* **TASK**
Leave out the pictures and restate every entry word for word.

___ RECORD EXTRACTS

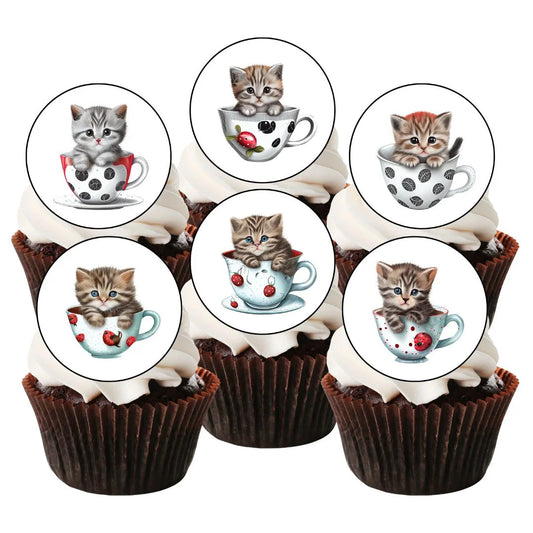 cupcakes with white frosting and illustrated cupcake toppers featuring cute cats in tea cups.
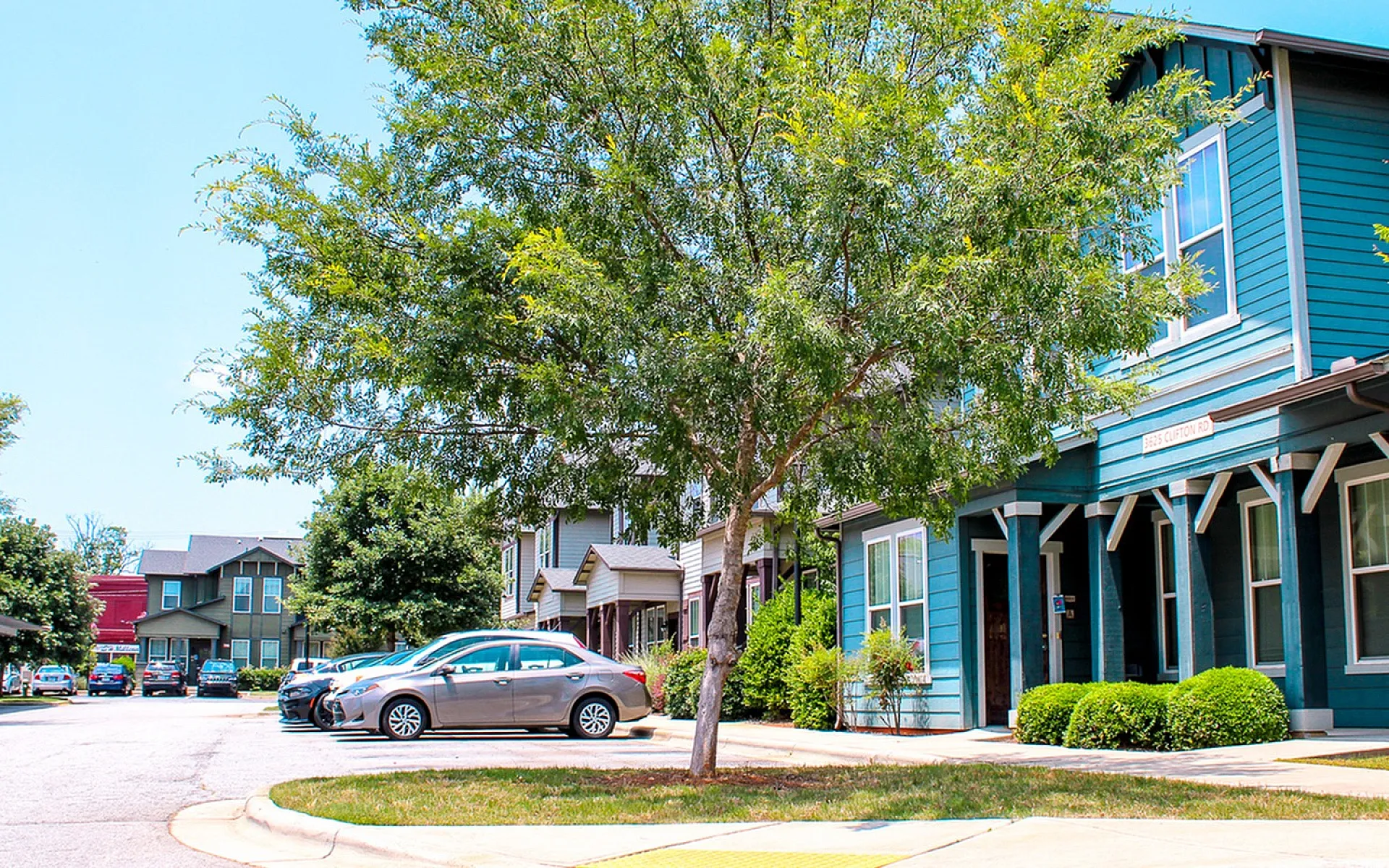 Charming suburban neighborhood with colorful townhouses, vibrant greenery, and ample parking space under a clear blue sky.
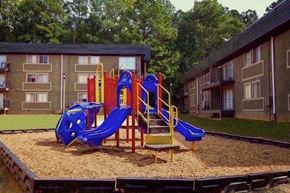 Atlanta apartment for rent - A playground with a blue slide and yellow and red play structure in front of apartment buildings.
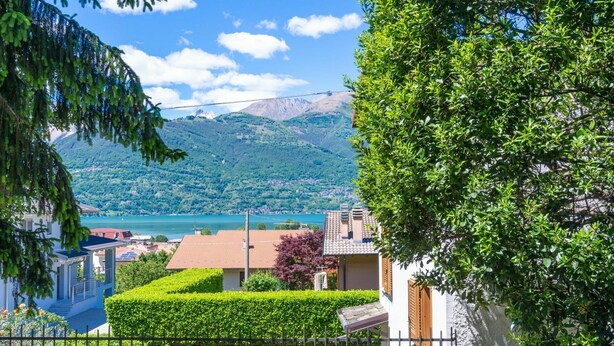 A residential area with houses, a lake, and mountains in the background. - Beautiful apartment for 5 people with hot tub, WIFI, TV, terrace and pets allowed (Colico)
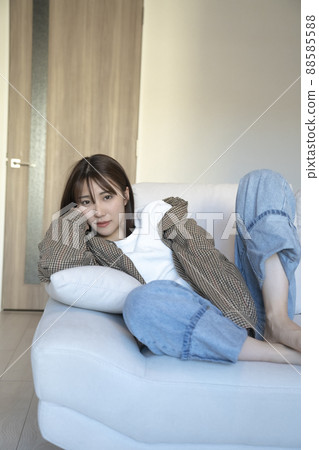 Men's fashion A woman relaxing on the sofa Men's fashion A woman relaxing on the sofa 88585588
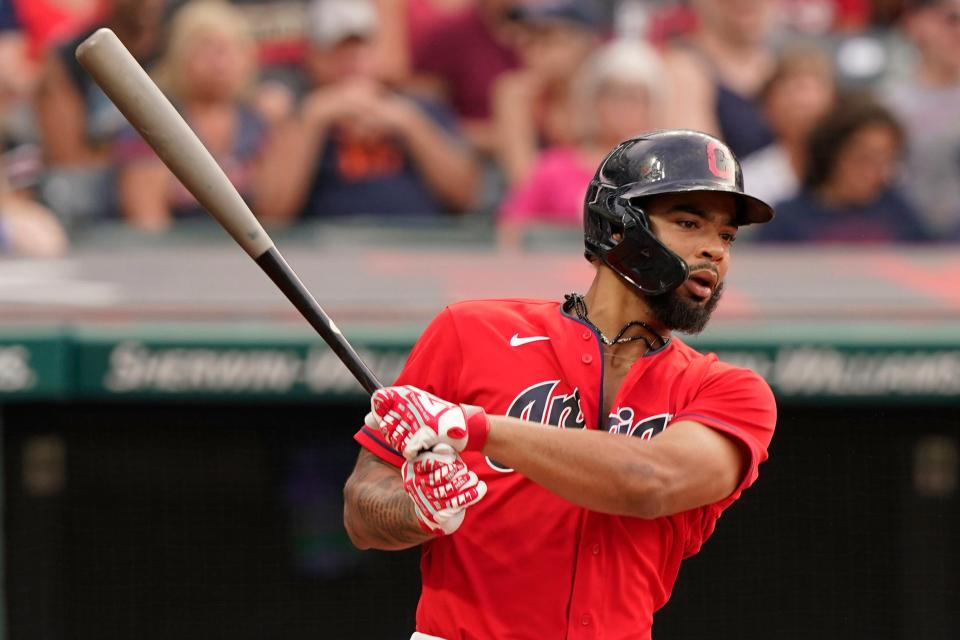 Cleveland's Bobby Bradley hits a two-run double in the third inning of a baseball game against the Detroit Tigers, Friday, Aug. 6, 2021, in Cleveland. (AP Photo/Tony Dejak)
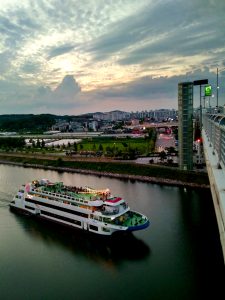 A cruise boat passing along the straight Ara Waterway canal seen from Gyeyang Bridge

______

* **PROBLEM SOLUTION**
 cupcakes with white frosting and illustrated cupcake toppers featuring cute cats in tea cups.
 Charming suburban neighborhood with colorful townhouses, vibrant greenery, and ample parking space under a clear blue sky.
 Atlanta apartment for rent - A playground with a blue slide and yellow and red play structure in front of apartment buildings.
 A residential area with houses, a lake, and mountains in the background. - Beautiful apartment for 5 people with hot tub, WIFI, TV, terrace and pets allowed (Colico)
 Men's fashion A woman relaxing on the sofa Men's fashion A woman relaxing on the sofa 88585588
 Cleveland's Bobby Bradley hits a two-run double in the third inning of a baseball game against the Detroit Tigers, Friday, Aug. 6, 2021, in Cleveland. (AP Photo/Tony Dejak)
 A cruise boat passing along the straight Ara Waterway canal seen from Gyeyang Bridge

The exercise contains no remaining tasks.